Although there are millions of children with special needs in India alone, there are very few centers which cater to children with developmental delays and especially for those in need of early intervention programs. This makes it difficult for parents to make equal opportunities accessible for these children. Especially, in backward areas, due to lack of sufficient right resources, this becomes even more difficult. Secluded therapies and services make logistics and holistic treatment difficult. There was no single place which would provide all services.  Even if there are few special education centers, not many people know about them.

There is no single standard solution or therapy

With a multitude of symptoms constituting the indicators of developmental delays, there cannot be a ‘One Size Fits All’ solution or therapy to treat children with special needs. In addition to developmental delays, children with special needs can also have a combination of other medical conditions and when there are thousands of disorders that a person can get, a generic approach definitely cannot work.


Families of children with special needs are neglected

There is no respite for the overburdened parents, especially the mothers, being the one responsible for taking care of the child 24×7. Parents and families of these children with special needs are hardly provided any kind of support at the social, emotional, and financial levels.

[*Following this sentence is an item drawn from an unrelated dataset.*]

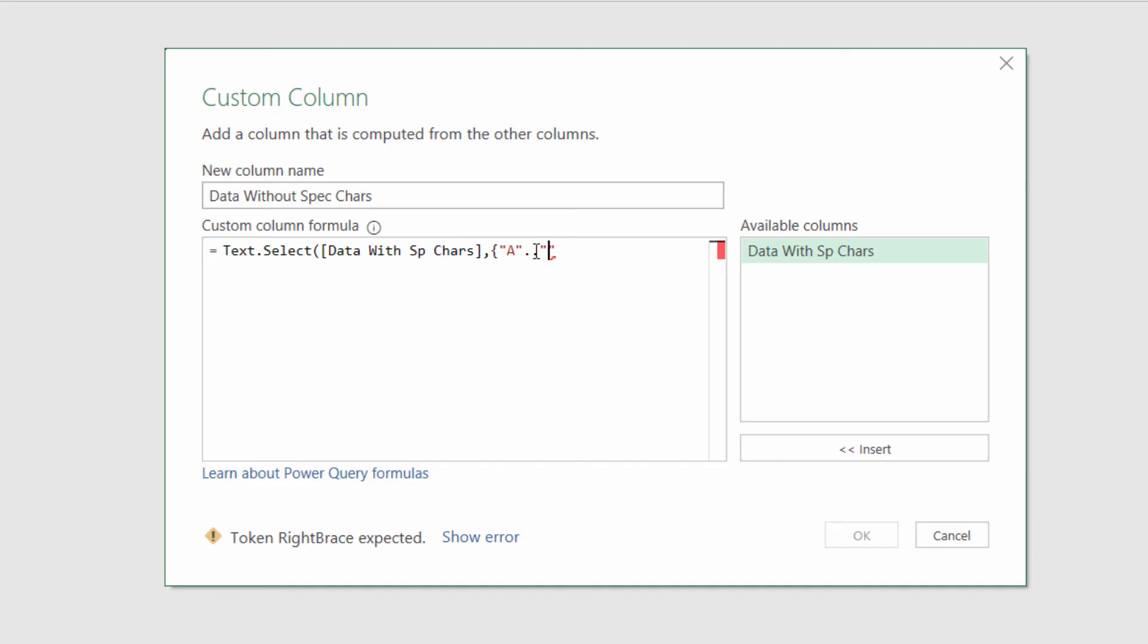The next character I use is a lowercase z. So it's important you have capital A there and lowercase z there. If they're both lowercase or both uppercase, then you'll only select characters with that particular case.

The sector does not realise the importance of providing families as much training and support as the child needs. When families are trained to understand the condition of the children, they can support them better.


Selective blindness towards disability issues

The concept of pitying the differently-abled has been a part of the fabric of the Indian society since eternity. So, there is considerable hesitation when it comes to interacting and mingling freely with these individuals. In the process, the individuals and their families often end up being isolated by society and therefore face a lot of stigma on a daily basis.

In addition to the social stigma, families also have to deal with financing the medical treatments and therapy sessions. This can be mitigated to a certain extent by availing the financial schemes made available by the government. There are other, non-financial resources as well, provided by the government. However, the awareness levels of this is quite low among the families.

Apart from the above mentioned points, there is insufficient human resource who can be trained to work as special educators. Additionally, the absence of a central data repository makes it difficult for organisations working in the disability sector to reach out to those in need.

Denial is a bigger problem than awareness

In cases of brain damage or mental disorders, symptoms are quite ambiguous and hence brushed off as general misconduct of children. Parents find it difficult to accept the fact that their child is differently abled or has special needs. This could be attributed to the huge stigma associated with the term disability. The first step would be to work towards decreasing the stigma and encouraging more conversations and support groups.  There is an entire generation of lost children – an entire section of population hidden in hearts of the parents who deny their condition and in the mind of the society which rejects it.”

Inclusion is a two-way street

It is the responsibility of the disability sector to create awareness among society about ways in which differently abled individuals can be integrated into the mainstream community. At the same time, it is essential to prepare these individuals to be capable of being a part of the mainstream society. This way, both sections of society work towards bringing about inclusion in as many aspects of daily life as possible. Eventually, the end goal of inclusion should be to empower the differently abled and help them aspire for a life where they are treated at par with the rest of the community.

Tamahar works towards bridging this gap and helping individuals with special needs become a part of the mainstream society. To bridge this divide is my dream for Tamahar. That I help my children come halfway and I help the society meet them in the middle. Help them meet halfway.